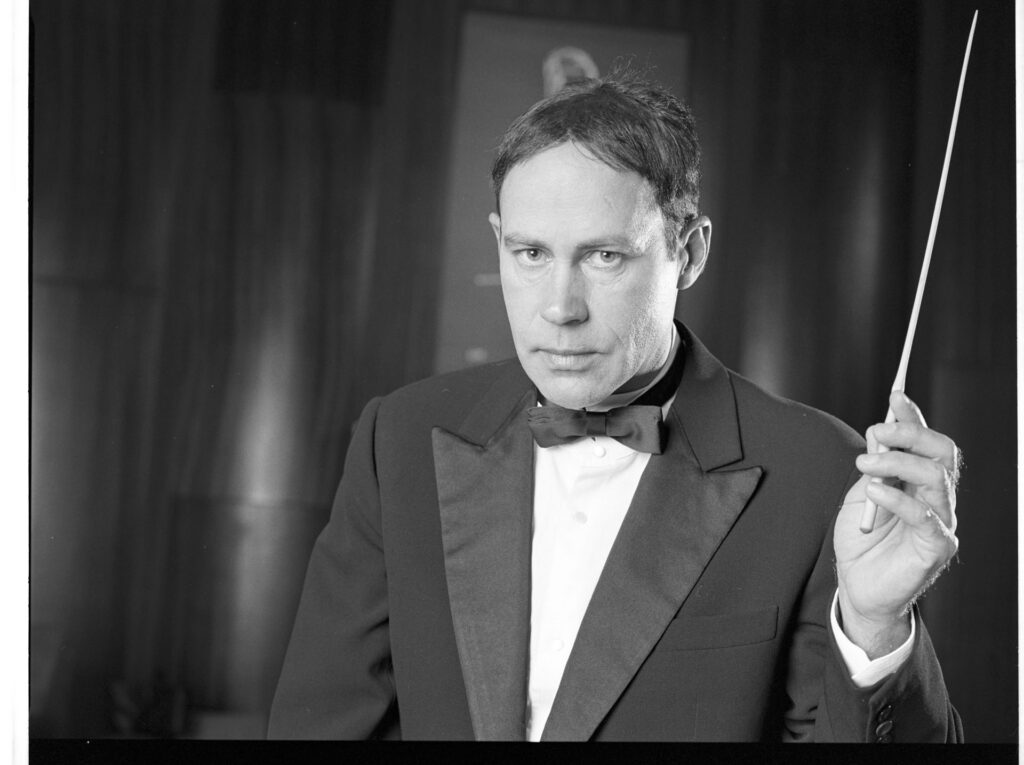 A photograph of the composer Patrice de Courcy (Hugues Quester) rehearsing with the orchestra.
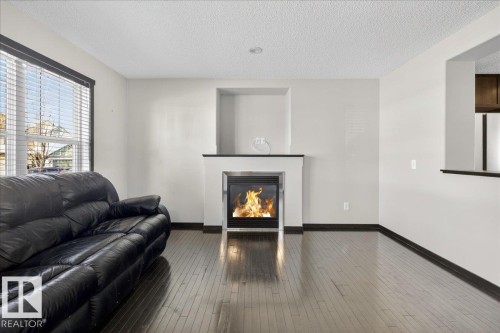 3623 13 Street, Edmonton, AB - Indoor Photo Showing Living Room With Fireplace
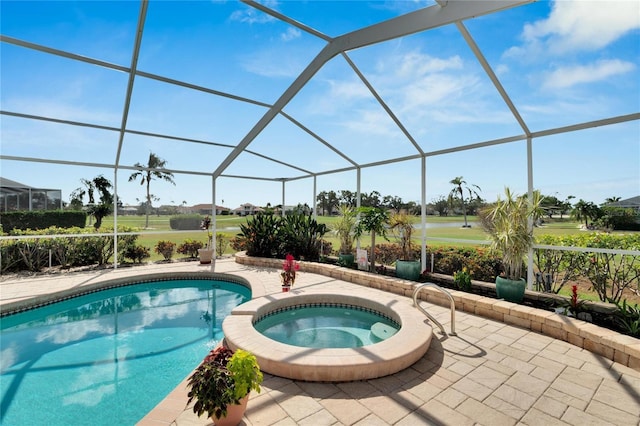 view of swimming pool featuring a lanai, an in ground hot tub, and a patio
◇ ◇ ◇ ◇
WHAT TO PRODUCE - Above is a listing with pictures. Write it out exactly without them.

ANSWER FOR THIS EXERCISE -
 A photograph of the composer Patrice de Courcy (Hugues Quester) rehearsing with the orchestra.
 3623 13 Street, Edmonton, AB - Indoor Photo Showing Living Room With Fireplace
 view of swimming pool featuring a lanai, an in ground hot tub, and a patio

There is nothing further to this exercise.